WORK TASK: Nothing but the lines from the one containing "Casa Moderna en" through the end of the data should be retyped, exactly as they stand, and pictures should not be retyped.

RECORDED DATA:
▼▼▼
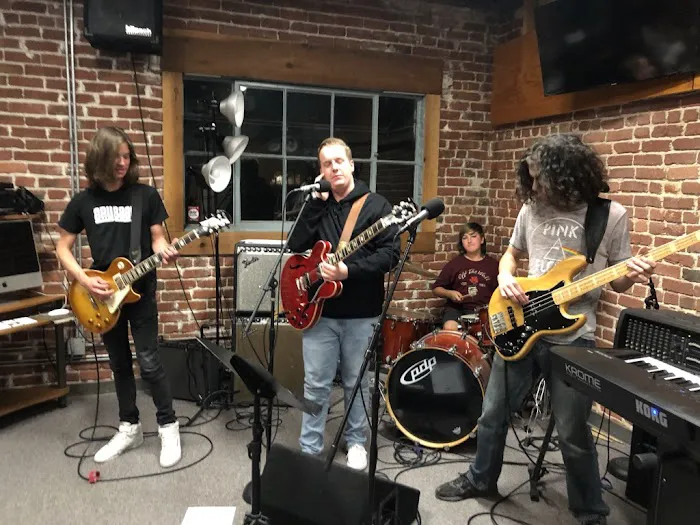 851 Music Studio Picture 1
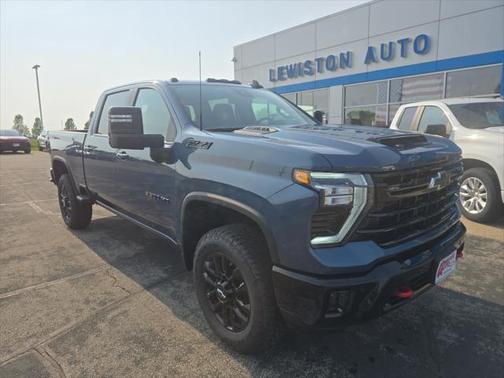 2025 Chevrolet Silverado 3500 LT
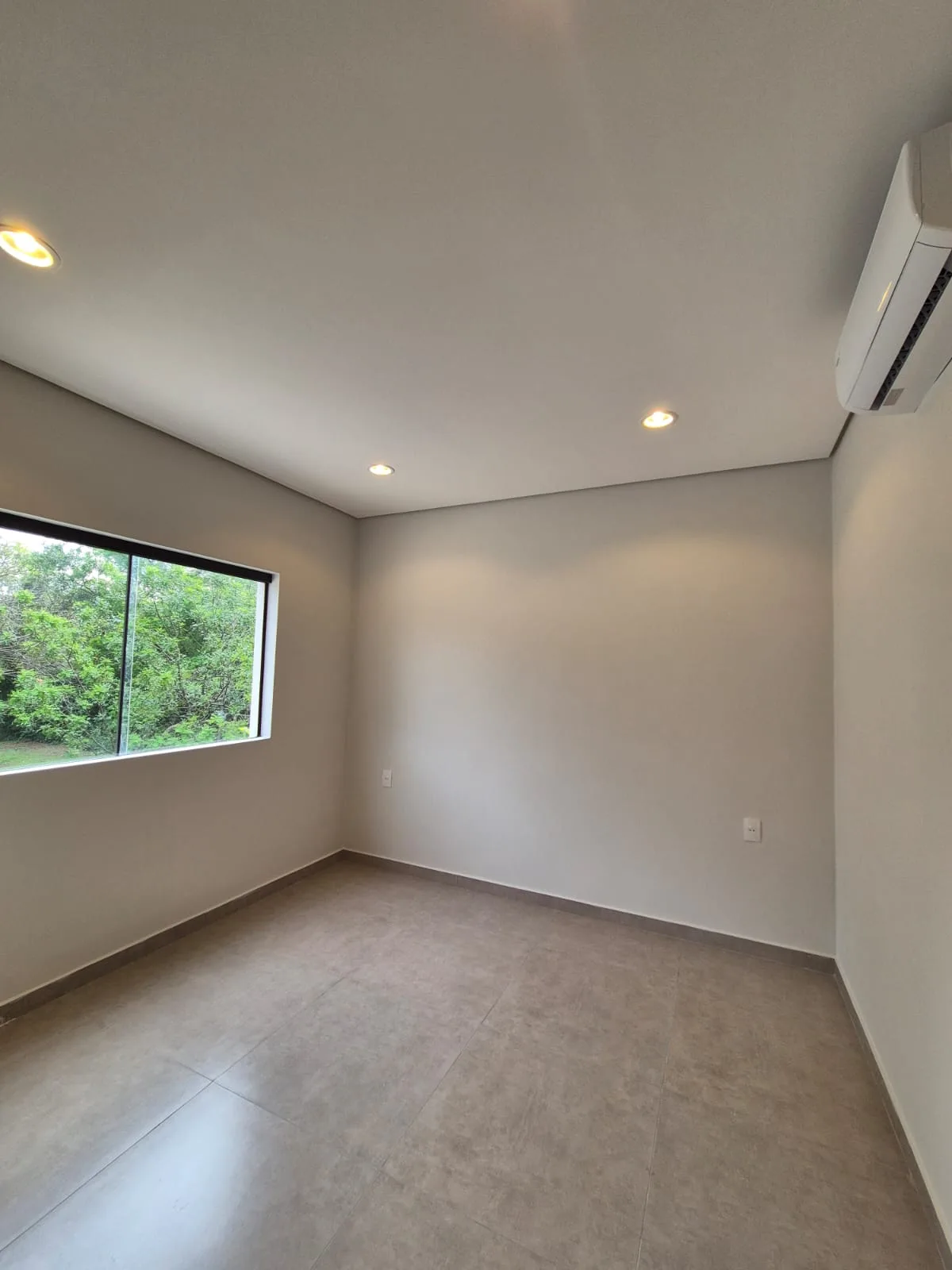 Casa Moderna en Venta en San Bernardino con Piscina, Quincho y 4 Dormitorios — foto 11
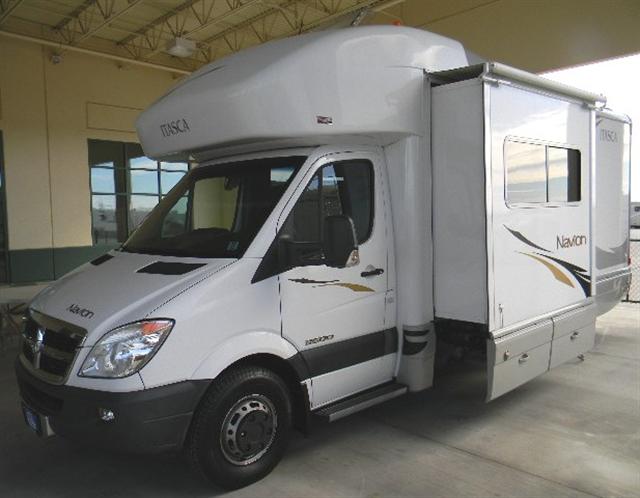 Used 2008 Itasca Navion 24J Class C For Sale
▲▲▲
WRITTEN RESPONSE:
 Casa Moderna en Venta en San Bernardino con Piscina, Quincho y 4 Dormitorios — foto 11
 Used 2008 Itasca Navion 24J Class C For Sale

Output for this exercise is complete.